Biographical details
- Born: September 28, 1967 (age 57) Demopolis, Alabama, U.S.

Playing career
- 1988–1989: Savannah State
- Position(s): Quarterback

Coaching career (HC unless noted)
- 1993: Savannah State (QB)
- 1994–1995: Tennessee State (QB)
- 1996: Johnson C. Smith (assistant)
- 1997–2003: Savannah State (assistant)
- 2003–2005: Savannah State

Head coaching record
- Overall: 2–26

= Richard Basil =

American football player and coach (born 1967)

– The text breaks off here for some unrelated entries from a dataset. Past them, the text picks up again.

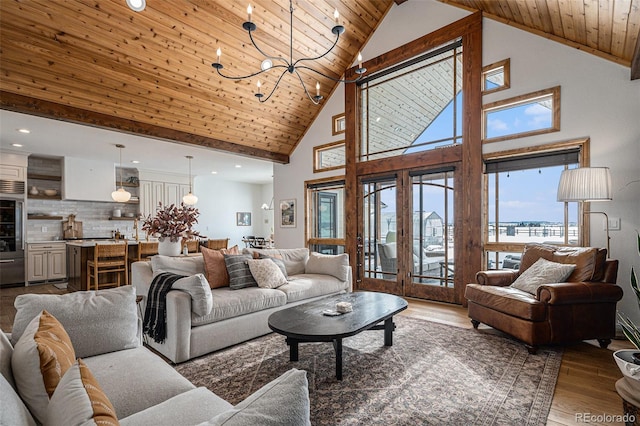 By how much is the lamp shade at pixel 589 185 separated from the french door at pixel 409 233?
1572 mm

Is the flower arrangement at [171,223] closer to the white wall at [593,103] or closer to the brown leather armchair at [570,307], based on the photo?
the brown leather armchair at [570,307]

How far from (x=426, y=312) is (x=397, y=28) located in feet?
14.9

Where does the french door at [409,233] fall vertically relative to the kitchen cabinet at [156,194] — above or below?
below

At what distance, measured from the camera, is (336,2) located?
477 centimetres

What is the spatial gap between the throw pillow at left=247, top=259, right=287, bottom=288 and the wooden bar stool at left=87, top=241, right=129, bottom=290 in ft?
10.0

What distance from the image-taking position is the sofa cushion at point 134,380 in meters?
1.33

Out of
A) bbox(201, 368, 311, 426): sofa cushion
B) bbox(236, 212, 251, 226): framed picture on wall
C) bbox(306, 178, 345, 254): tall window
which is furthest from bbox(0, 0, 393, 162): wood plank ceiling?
bbox(236, 212, 251, 226): framed picture on wall

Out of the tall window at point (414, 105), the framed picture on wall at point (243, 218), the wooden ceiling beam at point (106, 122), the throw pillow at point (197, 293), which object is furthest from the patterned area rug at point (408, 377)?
the framed picture on wall at point (243, 218)

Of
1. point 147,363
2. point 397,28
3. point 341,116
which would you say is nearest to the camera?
point 147,363

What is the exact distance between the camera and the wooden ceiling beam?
12.8 ft

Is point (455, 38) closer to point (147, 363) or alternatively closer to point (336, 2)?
point (336, 2)

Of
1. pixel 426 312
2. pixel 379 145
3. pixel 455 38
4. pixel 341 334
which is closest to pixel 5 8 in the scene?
pixel 341 334

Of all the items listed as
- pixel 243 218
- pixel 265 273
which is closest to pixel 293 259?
pixel 265 273

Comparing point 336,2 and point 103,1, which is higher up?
point 336,2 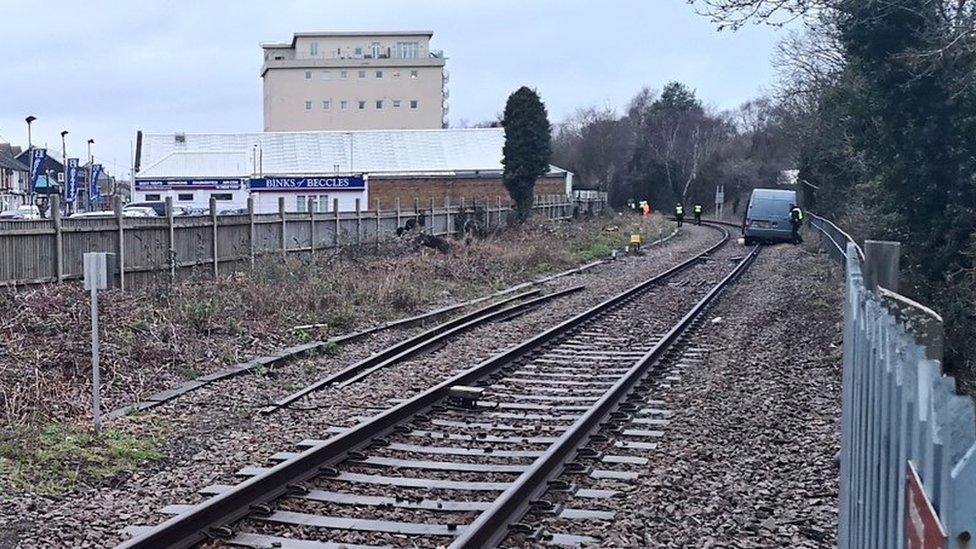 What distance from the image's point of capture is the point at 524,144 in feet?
162

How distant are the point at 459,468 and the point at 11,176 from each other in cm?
8499

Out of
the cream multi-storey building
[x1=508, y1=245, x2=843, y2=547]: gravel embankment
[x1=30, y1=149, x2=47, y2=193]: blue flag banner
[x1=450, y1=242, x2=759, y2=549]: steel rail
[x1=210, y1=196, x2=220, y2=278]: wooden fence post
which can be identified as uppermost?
the cream multi-storey building

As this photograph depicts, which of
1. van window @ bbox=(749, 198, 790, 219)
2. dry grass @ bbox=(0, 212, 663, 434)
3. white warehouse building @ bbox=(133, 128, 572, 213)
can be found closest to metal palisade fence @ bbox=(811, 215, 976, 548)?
dry grass @ bbox=(0, 212, 663, 434)

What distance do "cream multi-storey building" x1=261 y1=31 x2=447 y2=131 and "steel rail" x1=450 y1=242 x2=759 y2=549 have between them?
89279 millimetres

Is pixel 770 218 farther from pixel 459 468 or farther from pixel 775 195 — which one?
pixel 459 468

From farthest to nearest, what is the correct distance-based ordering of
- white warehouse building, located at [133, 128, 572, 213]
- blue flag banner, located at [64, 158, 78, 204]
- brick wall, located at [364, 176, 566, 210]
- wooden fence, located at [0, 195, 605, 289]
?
1. brick wall, located at [364, 176, 566, 210]
2. white warehouse building, located at [133, 128, 572, 213]
3. blue flag banner, located at [64, 158, 78, 204]
4. wooden fence, located at [0, 195, 605, 289]

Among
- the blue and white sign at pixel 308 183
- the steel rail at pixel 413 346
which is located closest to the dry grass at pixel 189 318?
the steel rail at pixel 413 346

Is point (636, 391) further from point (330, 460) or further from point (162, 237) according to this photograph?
point (162, 237)

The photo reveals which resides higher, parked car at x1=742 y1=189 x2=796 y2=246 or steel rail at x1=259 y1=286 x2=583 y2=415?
parked car at x1=742 y1=189 x2=796 y2=246

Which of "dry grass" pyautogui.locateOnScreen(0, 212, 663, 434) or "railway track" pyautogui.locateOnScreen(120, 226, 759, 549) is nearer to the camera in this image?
"railway track" pyautogui.locateOnScreen(120, 226, 759, 549)

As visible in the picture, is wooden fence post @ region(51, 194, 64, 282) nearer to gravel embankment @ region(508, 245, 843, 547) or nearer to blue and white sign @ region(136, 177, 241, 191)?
gravel embankment @ region(508, 245, 843, 547)

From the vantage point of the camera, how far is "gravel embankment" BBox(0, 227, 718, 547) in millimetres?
7547

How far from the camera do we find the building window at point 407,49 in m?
104

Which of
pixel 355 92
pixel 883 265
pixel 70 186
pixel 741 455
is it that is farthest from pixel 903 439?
pixel 355 92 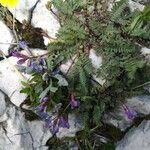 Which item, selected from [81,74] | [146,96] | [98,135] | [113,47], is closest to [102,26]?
[113,47]

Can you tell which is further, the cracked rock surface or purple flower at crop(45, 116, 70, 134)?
the cracked rock surface

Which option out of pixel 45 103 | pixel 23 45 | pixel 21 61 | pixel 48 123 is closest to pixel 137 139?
pixel 48 123

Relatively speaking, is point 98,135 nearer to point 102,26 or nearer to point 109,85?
point 109,85

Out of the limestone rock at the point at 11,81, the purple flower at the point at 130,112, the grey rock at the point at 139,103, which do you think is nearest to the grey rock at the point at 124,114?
the grey rock at the point at 139,103

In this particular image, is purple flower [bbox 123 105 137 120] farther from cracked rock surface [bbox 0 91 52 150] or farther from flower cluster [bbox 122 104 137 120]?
cracked rock surface [bbox 0 91 52 150]

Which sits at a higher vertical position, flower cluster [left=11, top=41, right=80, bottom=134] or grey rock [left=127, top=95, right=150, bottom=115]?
flower cluster [left=11, top=41, right=80, bottom=134]

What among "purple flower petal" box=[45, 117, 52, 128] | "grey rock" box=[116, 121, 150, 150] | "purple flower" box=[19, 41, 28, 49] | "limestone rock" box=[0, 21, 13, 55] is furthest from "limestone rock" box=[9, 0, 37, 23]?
"grey rock" box=[116, 121, 150, 150]

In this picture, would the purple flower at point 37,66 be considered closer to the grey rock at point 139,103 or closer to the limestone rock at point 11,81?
the limestone rock at point 11,81

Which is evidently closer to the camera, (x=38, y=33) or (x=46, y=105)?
(x=46, y=105) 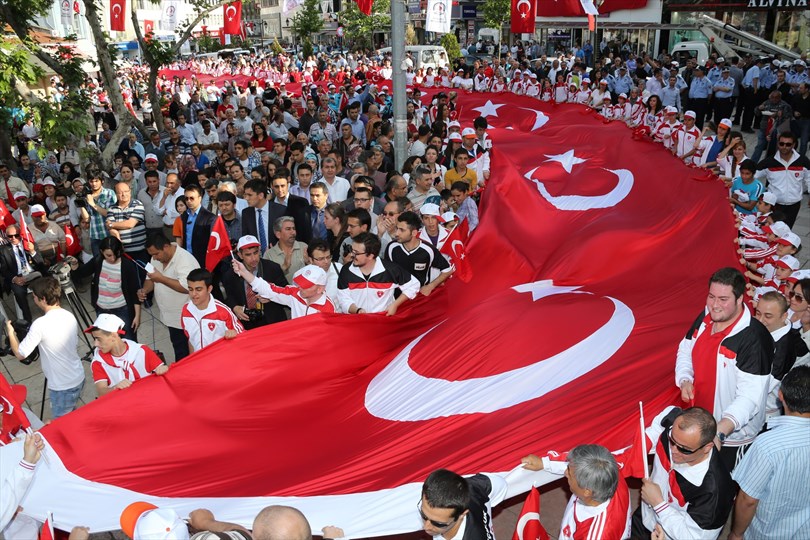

Richard Basil (September 28, 1967) is the former head football coach at Savannah State University in Savannah, Georgia.

==Playing career==
Basil played a quarterback at East Central Community College before transferring to Savannah State. He quarterbacked the Tigers for two seasons (1988 and 1989) compiling a 16–3 record as a starter and rushed for 18 touchdowns and passed for 3,645 yards and 44 TDs. He was named the Southern Intercollegiate Athletic Conference Offensive Player of the Year and the George H. Hopson Offensive Back of the Year in 1988. In 1989, he led NCAA Division II in passing percentage, completing 120 of his 211 attempts (.569 percent) for 2,148 yards and 29 TDs.

==Coaching career==

===Assistant coach===
Basil began his coaching career as an assistant coach at Savannah State College in 1993. He served as the quarterbacks and receivers coach under Joe Crosby. In 1994, he moved to Tennessee State University as quarterbacks coach under Bill Davis. In 1996, he accepted an assistant coaching position at Johnson C. Smith University under Daryl McNeill and joined McNeill's staff when he became the head coach at Savannah State in 1997. He remained at Savannah State following McNeill's departure, coaching quarterbacks and kickers for Steve Wilks (1999) and Bill Davis (2000–2001). In 2002 and 2003, Basil coached defensive backs for Ken Pettiford until he was named as the Tigers interim coach following the fourth game of the 2003 season.

===Savannah State===
Basil became the Tigers head football coach in 2003 after the firing of coach Ken Pettiford following the fourth game of the 2003 season. Basil resigned on March 14, 2006, after compiling a 2–26 record in 2 ½ seasons. His annual salary at Savannah State was $61,164.

==Personal life==
Basil is married to the former Mary Daise of St. Helena, South Carolina. He was awarded the President's Volunteer Service Award for outstanding community service on December 14, 2009.